*** Begin section ***

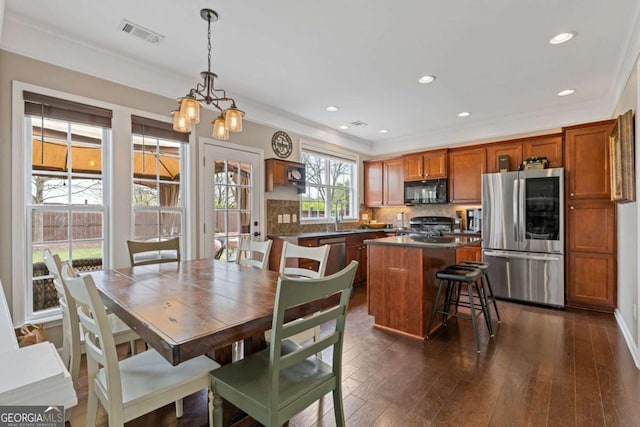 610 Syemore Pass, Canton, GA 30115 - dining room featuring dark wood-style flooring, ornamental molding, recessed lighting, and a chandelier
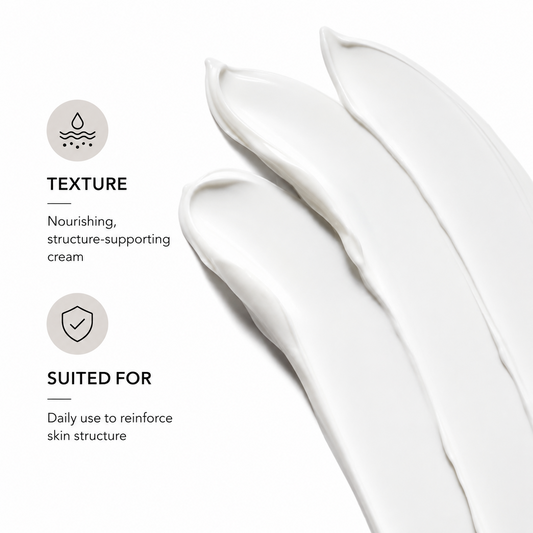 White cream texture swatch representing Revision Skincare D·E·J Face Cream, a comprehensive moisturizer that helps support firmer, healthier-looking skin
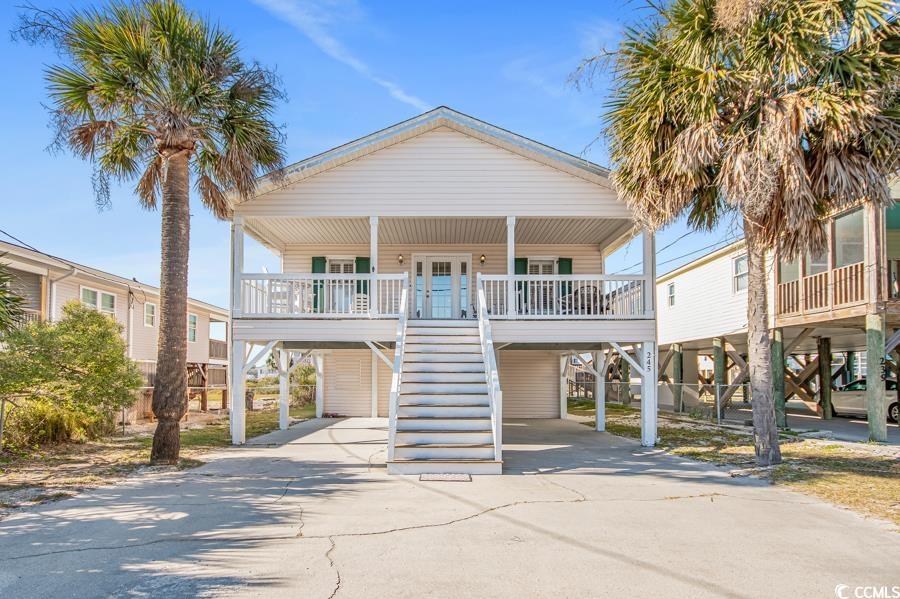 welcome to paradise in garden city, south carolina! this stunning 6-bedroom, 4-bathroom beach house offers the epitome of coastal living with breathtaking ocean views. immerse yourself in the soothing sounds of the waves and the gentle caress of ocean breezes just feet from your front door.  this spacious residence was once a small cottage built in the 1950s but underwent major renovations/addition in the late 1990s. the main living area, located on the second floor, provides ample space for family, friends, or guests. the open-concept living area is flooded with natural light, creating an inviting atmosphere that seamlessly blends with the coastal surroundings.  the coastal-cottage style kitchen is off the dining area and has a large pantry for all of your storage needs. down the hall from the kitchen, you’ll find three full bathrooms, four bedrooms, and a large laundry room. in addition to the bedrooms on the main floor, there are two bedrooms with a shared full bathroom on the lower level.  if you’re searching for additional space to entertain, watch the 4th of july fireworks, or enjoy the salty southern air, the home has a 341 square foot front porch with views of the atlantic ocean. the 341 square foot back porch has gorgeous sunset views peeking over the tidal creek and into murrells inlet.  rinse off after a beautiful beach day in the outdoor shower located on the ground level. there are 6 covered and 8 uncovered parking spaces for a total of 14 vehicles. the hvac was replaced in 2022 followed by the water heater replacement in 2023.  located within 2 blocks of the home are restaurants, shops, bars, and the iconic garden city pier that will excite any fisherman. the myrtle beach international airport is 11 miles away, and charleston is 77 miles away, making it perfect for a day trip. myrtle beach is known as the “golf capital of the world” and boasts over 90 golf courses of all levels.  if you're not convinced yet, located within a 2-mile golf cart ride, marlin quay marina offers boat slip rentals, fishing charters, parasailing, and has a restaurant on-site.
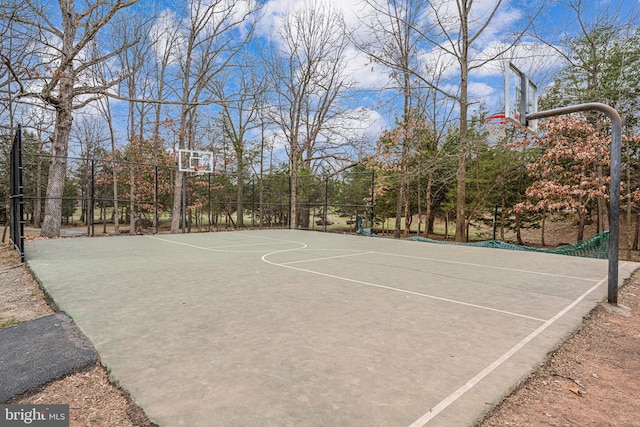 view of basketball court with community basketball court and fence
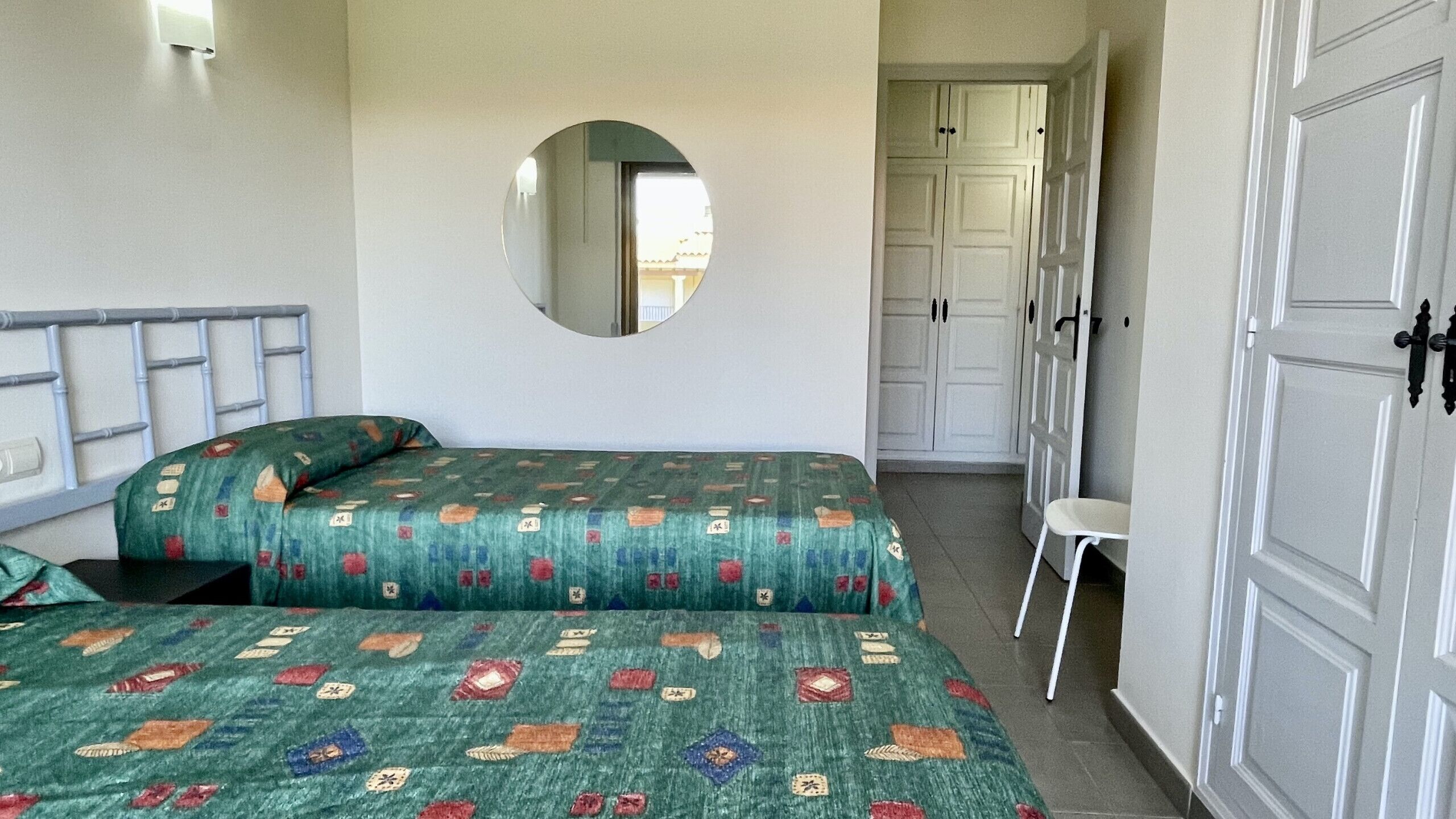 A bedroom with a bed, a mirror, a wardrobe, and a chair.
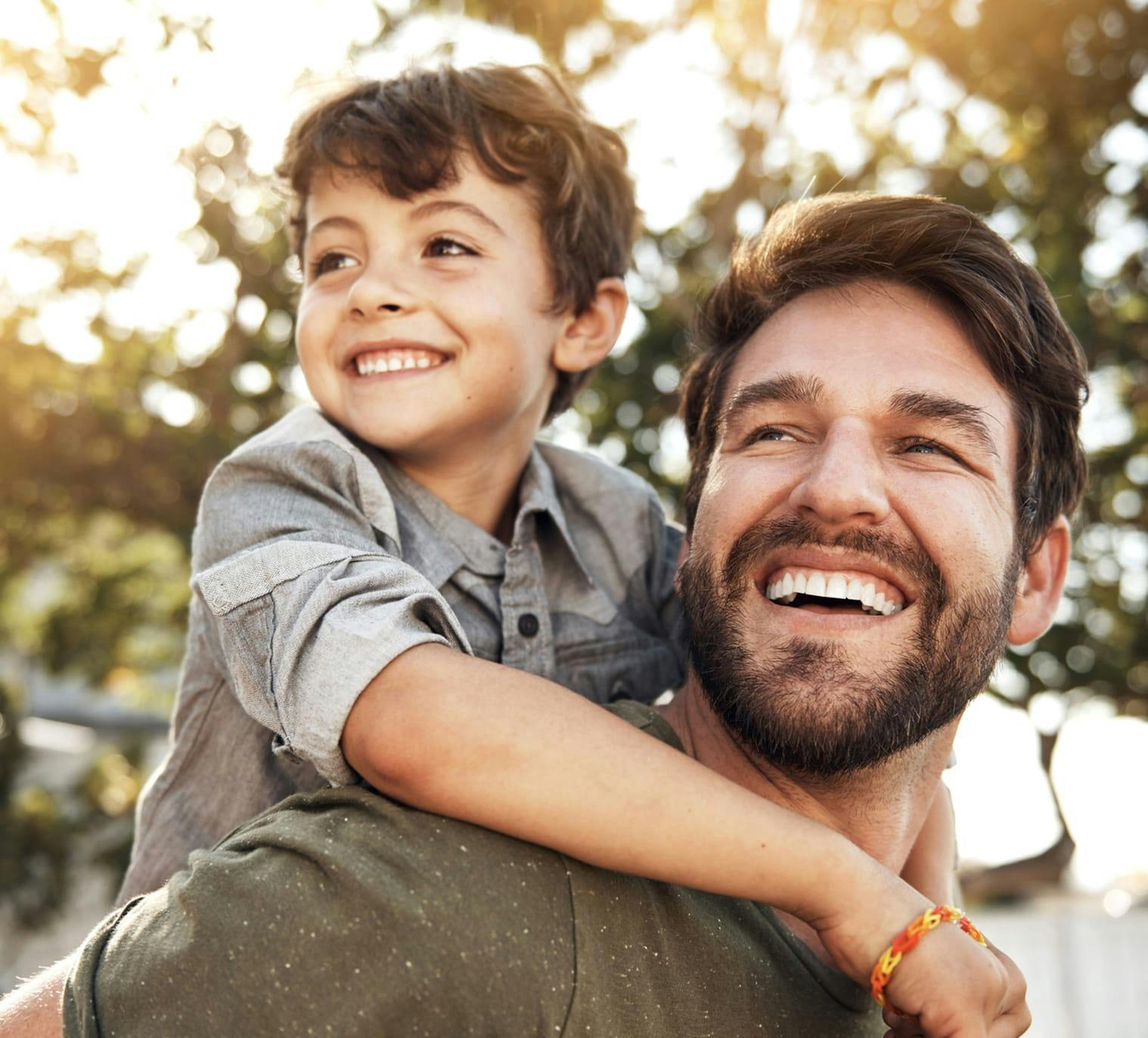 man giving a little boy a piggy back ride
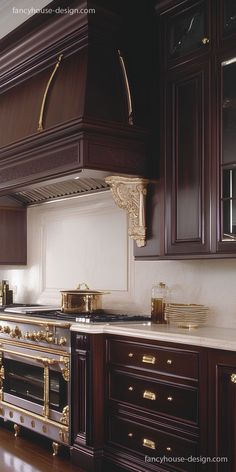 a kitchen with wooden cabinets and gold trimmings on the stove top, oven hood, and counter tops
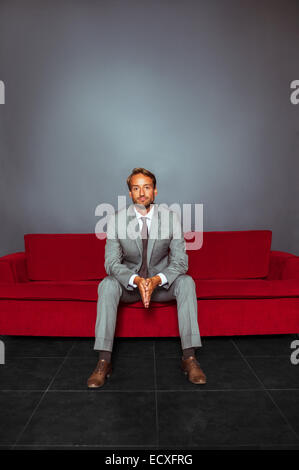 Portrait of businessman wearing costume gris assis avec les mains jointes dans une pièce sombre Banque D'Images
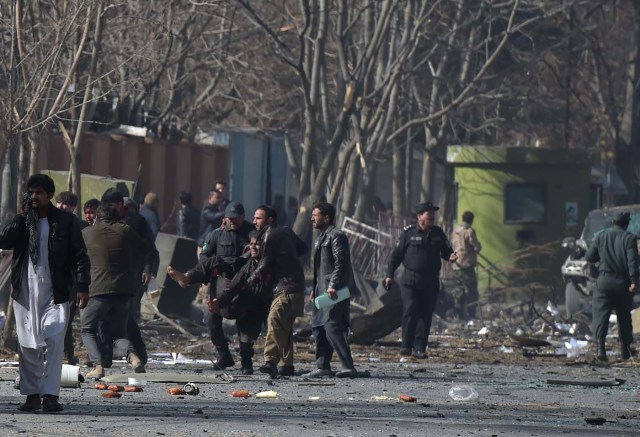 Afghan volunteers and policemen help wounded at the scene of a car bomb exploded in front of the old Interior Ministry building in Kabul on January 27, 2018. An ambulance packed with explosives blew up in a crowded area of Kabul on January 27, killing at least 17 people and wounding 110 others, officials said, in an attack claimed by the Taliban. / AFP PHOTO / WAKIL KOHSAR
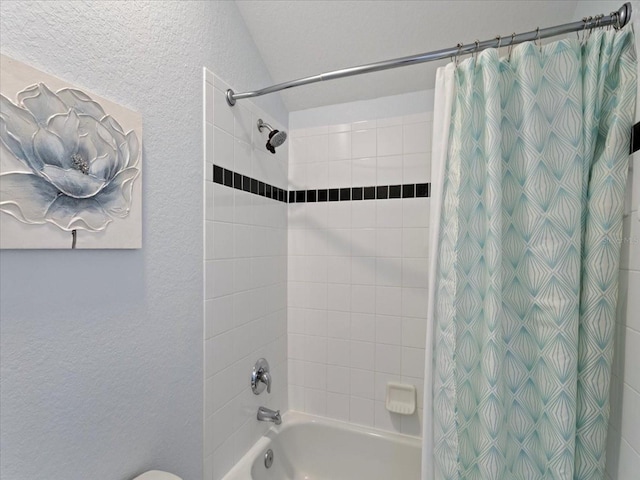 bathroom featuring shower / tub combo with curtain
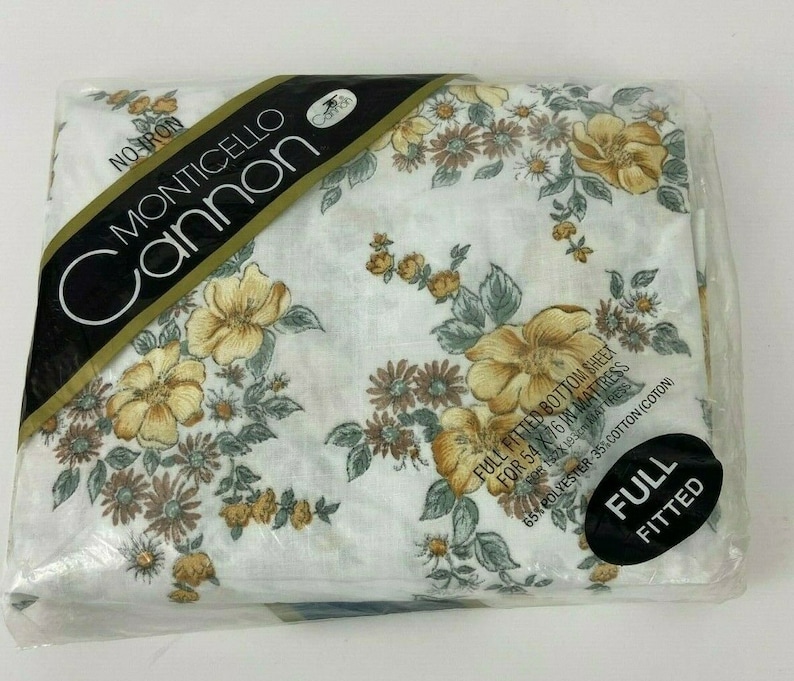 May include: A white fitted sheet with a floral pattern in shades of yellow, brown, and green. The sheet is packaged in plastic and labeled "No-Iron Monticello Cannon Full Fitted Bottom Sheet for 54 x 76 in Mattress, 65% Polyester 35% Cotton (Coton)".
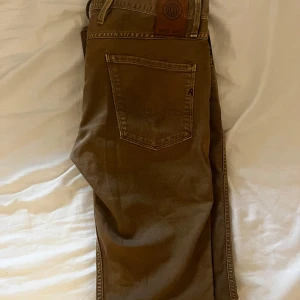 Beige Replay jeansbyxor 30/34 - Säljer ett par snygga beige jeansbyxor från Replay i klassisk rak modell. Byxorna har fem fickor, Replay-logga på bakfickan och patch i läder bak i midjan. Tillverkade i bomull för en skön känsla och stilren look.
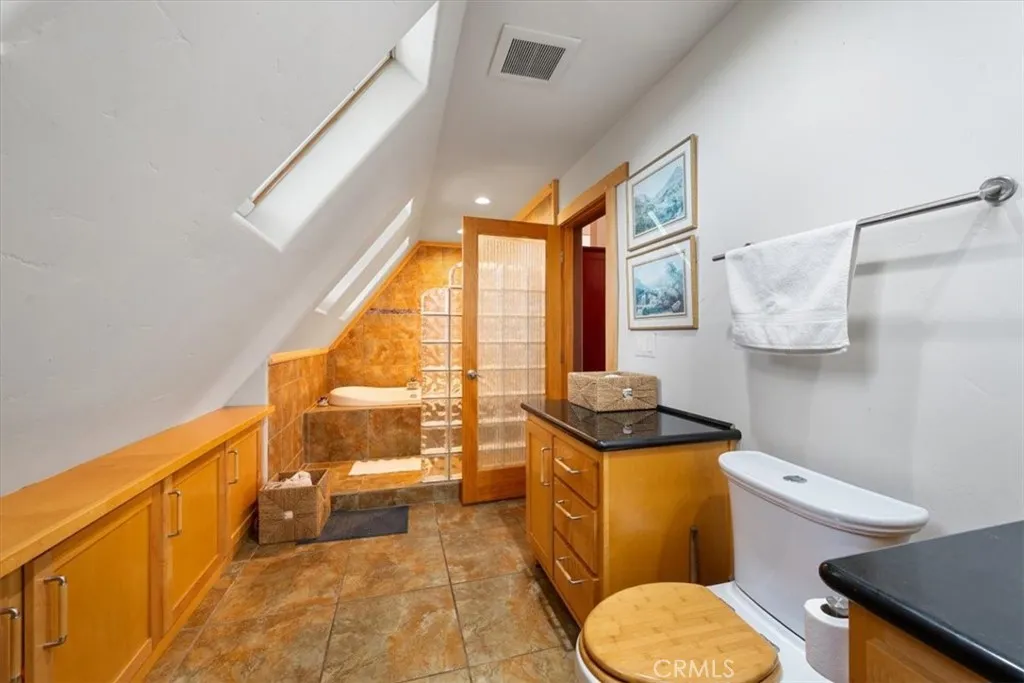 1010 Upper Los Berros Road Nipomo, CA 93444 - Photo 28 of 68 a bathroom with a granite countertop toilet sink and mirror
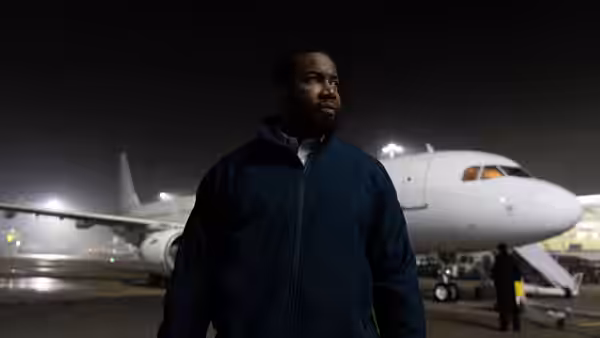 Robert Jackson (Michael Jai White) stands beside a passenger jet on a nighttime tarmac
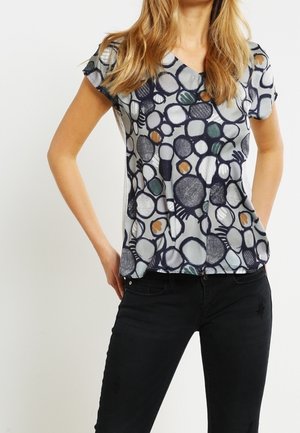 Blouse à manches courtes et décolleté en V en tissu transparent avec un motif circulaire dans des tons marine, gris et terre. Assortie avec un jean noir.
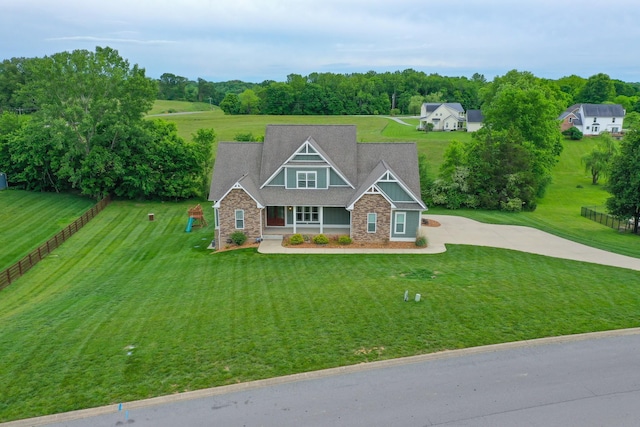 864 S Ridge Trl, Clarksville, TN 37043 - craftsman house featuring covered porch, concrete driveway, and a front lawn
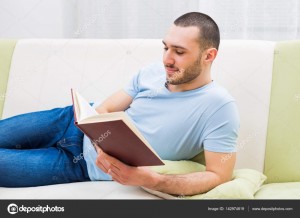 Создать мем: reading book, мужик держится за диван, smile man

*** End section ***

Both ends included, copy word for word the lines from the top of the entries above through the line with "White cream texture". No pictures.

 610 Syemore Pass, Canton, GA 30115 - dining room featuring dark wood-style flooring, ornamental molding, recessed lighting, and a chandelier
 White cream texture swatch representing Revision Skincare D·E·J Face Cream, a comprehensive moisturizer that helps support firmer, healthier-looking skin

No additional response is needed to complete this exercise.